37th Mayor of Hoboken
- In office July 1, 2009 – July 31, 2009
- Preceded by: David Roberts
- Succeeded by: Dawn Zimmer

Personal details
- Born: July 22, 1977 (age 49) Wayne, New Jersey, U.S.
- Party: Democratic
- Education: Boston University Seton Hall University School of Law

= Peter Cammarano =

American mayor (born 1977)

Peter J. Cammarano III (born July 22, 1977) is an American disbarred attorney and former Democratic politician. He was the 37th mayor of Hoboken, New Jersey, serving from July 1 until July 31, 2009. Cammarano was arrested by the FBI on corruption charges on July 23, 2009 as part of an international criminal investigation known as Operation Bid Rig; he resigned from office eight days later. He pleaded guilty to extortion in April 2010 and was later sentenced to 24 months in federal prison.

==Biography==
Cammarano was born on July 22, 1977, in Wayne, New Jersey. He graduated from Boston University and Seton Hall University School of Law. In 2001, Cammarano moved to Hoboken, New Jersey. He served as the Hoboken coordinator of the 2004 John Kerry presidential campaign and as the New Jersey legal director for U.S. Senator Bob Menendez's 2006 campaign.

A Democrat, Cammarano was elected Councilman-at-Large in Hoboken in a 2005 run-off election. At the time, he was an associate attorney at Genova, Burns & Vernoia, an election law firm.

On June 9, 2009, Cammarano won the Hoboken mayor's race in a runoff election, defeating Dawn Zimmer by 161 votes.
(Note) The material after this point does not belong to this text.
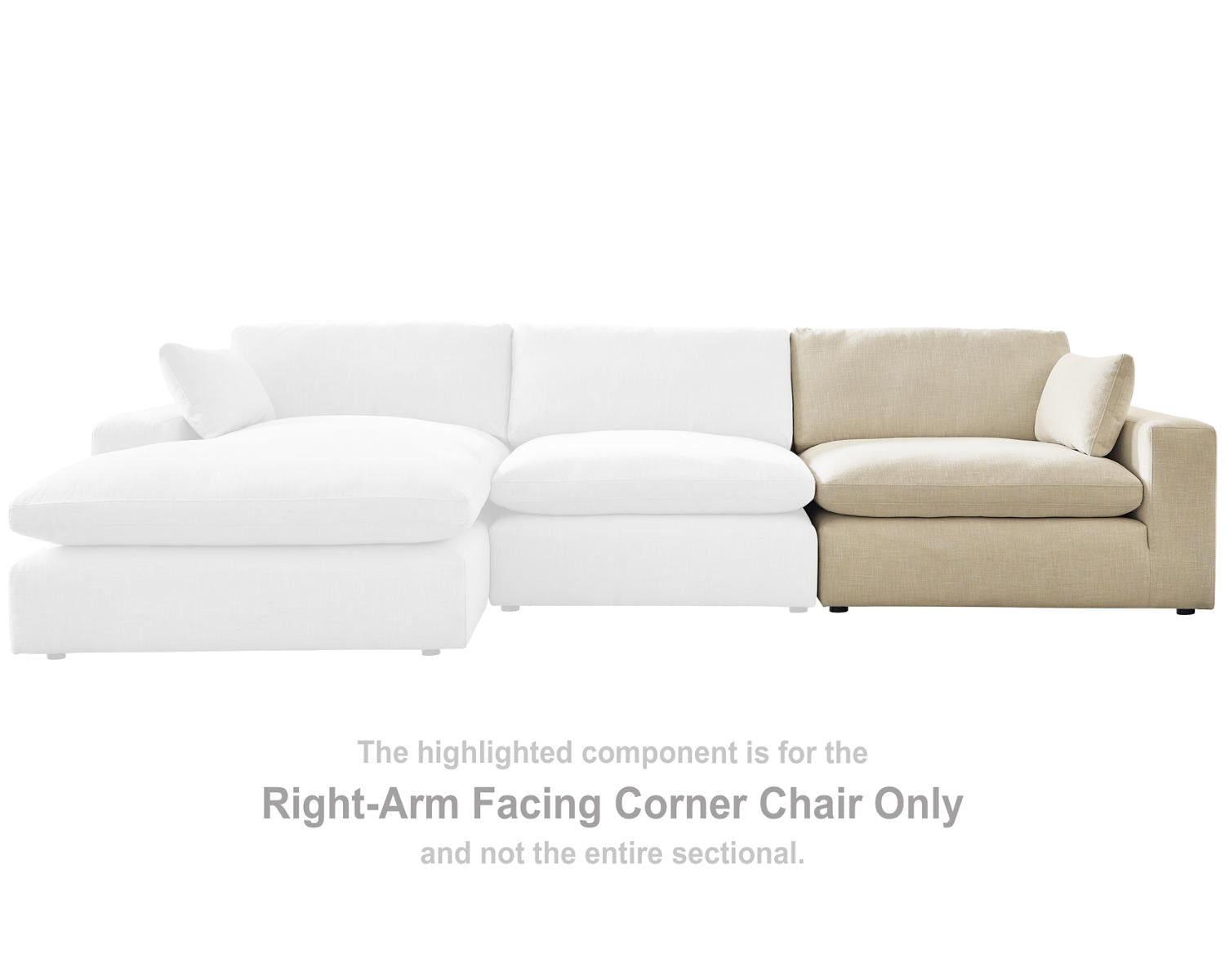 Elyza Right-Arm Facing Corner Chair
Observers credited his victory to absentee and provisional ballots, along with the hiring of many residents from districts that eventually voted in large numbers for him. Zimmer's three running mates won control of the City Council despite Cammarano's mayoral victory. Cammarano was sworn into office on July 1, 2009. At age 32, he became the youngest mayor in city history.

On July 23, 2009, just 22 days after assuming office, Cammarano was arrested by the FBI as part of a major political corruption and international money laundering conspiracy probe known as Operation Bid Rig. Cammarano was charged by the U.S. Attorney's Office for the District of New Jersey with accepting $25,000 in cash bribes from an undercover cooperating witness. Cammarano announced his resignation on July 31, 2009. In his resignation letter, Cammarano said, "I apologize to the residents of Hoboken for the disruption and disappointment this case has caused". He was succeeded by Zimmer, who had been elected City Council president and as such was next in line as acting mayor until elections could be held.

Cammarano pleaded guilty on April 20, 2010, to extorting cash contributions in return for official influence and admitted accepting $25,000 in illicit cash contributions in exchange for exercising his future official influence and authority. Cammarano remained free on a $100,000 bond pending his sentence. The guilty plea effectively ended his political career; New Jersey, like most states, does not allow convicted felons to hold office.

On August 5, 2010, Cammarano was sentenced to 24 months in federal prison. In late September 2010, Cammarano was designated by the Federal Bureau of Prisons to serve his 24-month sentence at the minimum security component at Lewisburg Federal Penitentiary in Pennsylvania and was scheduled to report there on October 4, 2010. He was released from Lewisburg Federal Prison Camp in Pennsylvania on Wednesday September 14, 2011, and sent to a halfway house in New York.

After his conviction, the New Jersey Supreme Court disciplinary review board suspended Cammarano's law license for three years. This decision was appealed to the Supreme Court, which disbarred him in September 2014.

In July 2025, Cammarano had his New York license reinstated after a panel of judges found he had genuine remorse for his conduct.